やたらとこだわる彼女と別れた。一緒にいるのに一緒にいる気がしない、と泣かれてとても困った。結局最後まで、僕は彼女のいう「共有」がうまく出来なかったんだろう。
席につき、手を合わせる。二人で居ても、一人になっても変わらない。いただきます。
こんがり焼けてマーガリンが溶けたトーストに、レタスとトマトを添えられた失敗作の目玉焼き、彼女が居た時には滅多に出ることのなかったブラックコーヒー。
レタスとトマトに青紫蘇のノンオイルドレッシングをかける。彼女のダイエットに付き合って買ったもので、あんまり好きな味ではないけれど、食べものを捨てるのはなんだか申し訳なさがあった。
ぱくり。ひとくち。
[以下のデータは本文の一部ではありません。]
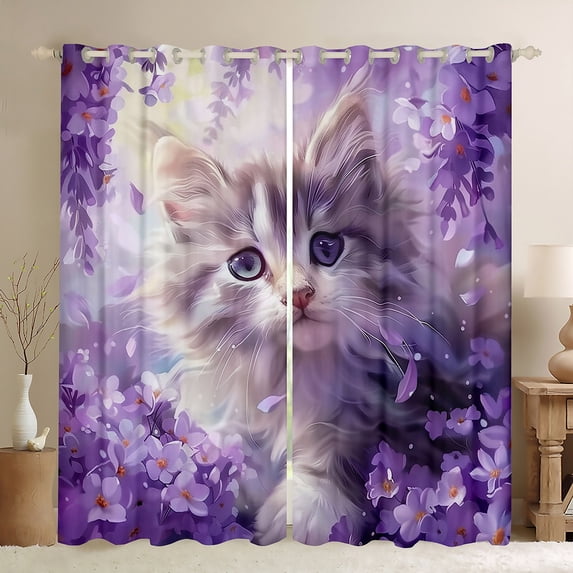 Manfei Cartoon Cat Lover Black Out Curtains, Kawaii Kitten Animal Curtains Pack of 2 (42x63 Each), Dreamy Purple Floral Bedroom Curtains, Curtains and Drapes Decor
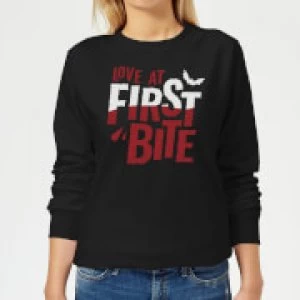 Image of Love at First Bite Womens Sweatshirt - Black - 3XL - Black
青紫蘇の独特な風味が広がって、眉を顰める。うん、やっぱり好きではない。
口直しにと目玉焼きにフォークを突き立てる。ぷち、だらり。あっという間に皿に黄身が広がってしまう。ひとくちサイズに白身を切って、ソースみたいに黄身を掬って、ぱくり。味付けも何もしていない、ただ焼いた卵の味。
「……あれ」
なんだかおかしい。
ほんの少し違和感を覚えて、首を傾げながらトーストを齧る。じゅわ、とマーガリンが染み出した。咀嚼して、飲み込んで、また首を傾げる。
なんだか、おかしい。不味いわけではないのだけれど、何かひとつ足りないような。
「……」
なんとなく理由を察しながらトーストを置き、ブラックコーヒーへ手を伸ばす。彼女が居た時はほとんど飲まなかったブラックコーヒー。黒々とした液体が、変な顔をした僕を写してゆらゆら揺れていた。
ひとくち。
「……ああ、くそ」
カップを置いて呟く。ブラックコーヒーは最悪だった。苦くて苦くて、ひたすら苦い。味気ないにもほどがある。
彼女と飲んでいたカフェオレに、彼女のいる食事に慣れすぎた。
虚しさに気付いて俯く。情けない、気付なかったなんて。ただ彼女に会う前の食卓に戻っただけだというのに、それが、こんなにも。
目玉焼きからは、まだ黄身が流れ続けていた。